Instructions to follow: Lines from the one with "That explains why" up to and including the one with "From this screen" are to be copied exactly from the records below, without their pictures.
----
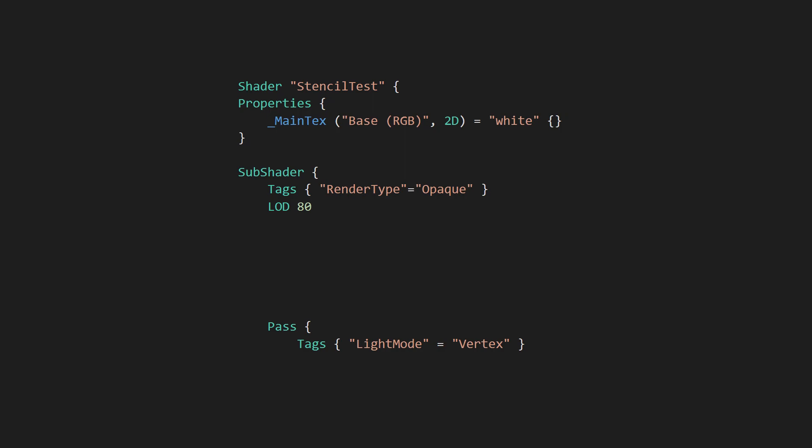To interact with the stencil buffer, you must use special commands you can add to your shaders. We'll start by adding a stencil block within either a subshader block or an individual pass block. There are several optional commands we can add here, but the two that are always required are ref and comp.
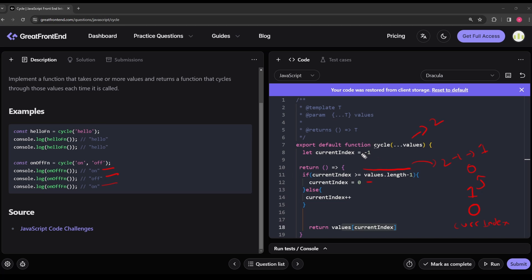That explains why we use values.length - 1: because we start from currentIndex = -1. If we used just values.length (which is 2), on the third call currentIndex would be 1, check 1 >= 2 would be false, it would increment to 2, and values[2] would be undefined. The minus one accounts for our -1 starting point.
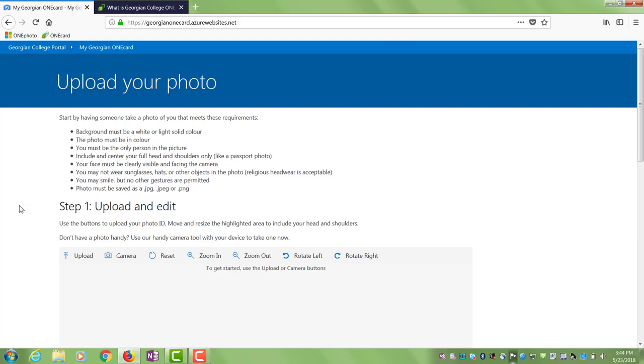From this screen you can upload a saved image or take a picture with the camera built into your device. Please review the image guidelines before selecting a photo.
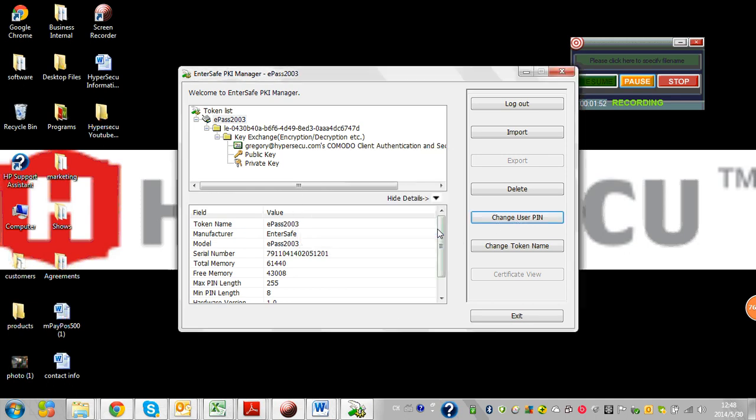I have successfully changed my user PIN. As I mentioned, you may want to do this occasionally for security purposes. If you have a default PIN, I would highly suggest changing this to your own user PIN.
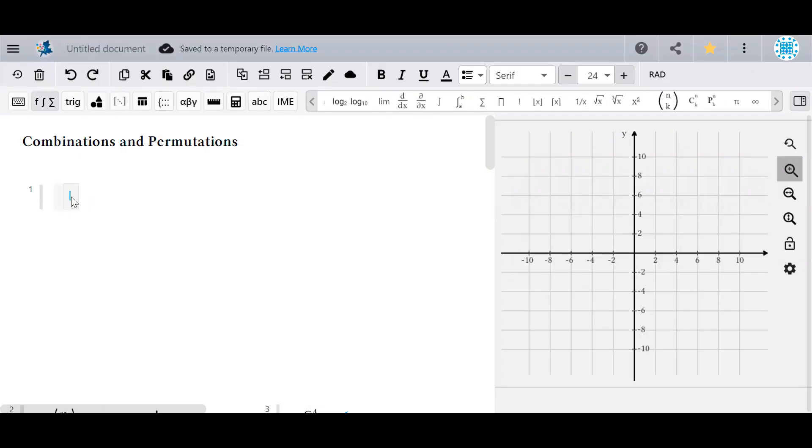Hello and welcome! Today we're going to look at combinations and permutations in MapleLearn.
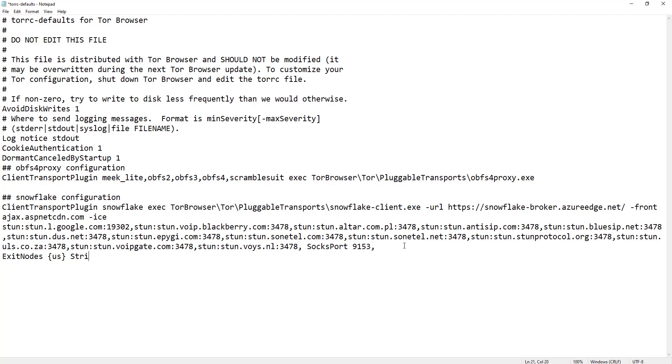StrictNodes 1. This forces the Tor browser to use the specified exit nodes.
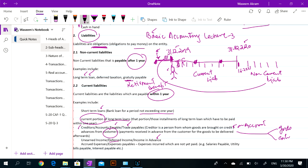Unearned means which we have not earned yet. We will earn this income in January or February. So it is a liability because we still owe the service.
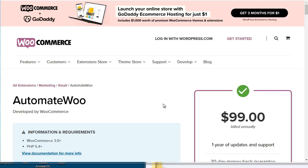Hello and welcome to video number six where we talk about e-commerce automation. If you run any sort of e-commerce site and you're selling products or services, then this video is for you. If you're running a WordPress membership site, you can skip this video and head to that video instead.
----
Answer to this problem:
That explains why we use values.length - 1: because we start from currentIndex = -1. If we used just values.length (which is 2), on the third call currentIndex would be 1, check 1 >= 2 would be false, it would increment to 2, and values[2] would be undefined. The minus one accounts for our -1 starting point.
From this screen you can upload a saved image or take a picture with the camera built into your device. Please review the image guidelines before selecting a photo.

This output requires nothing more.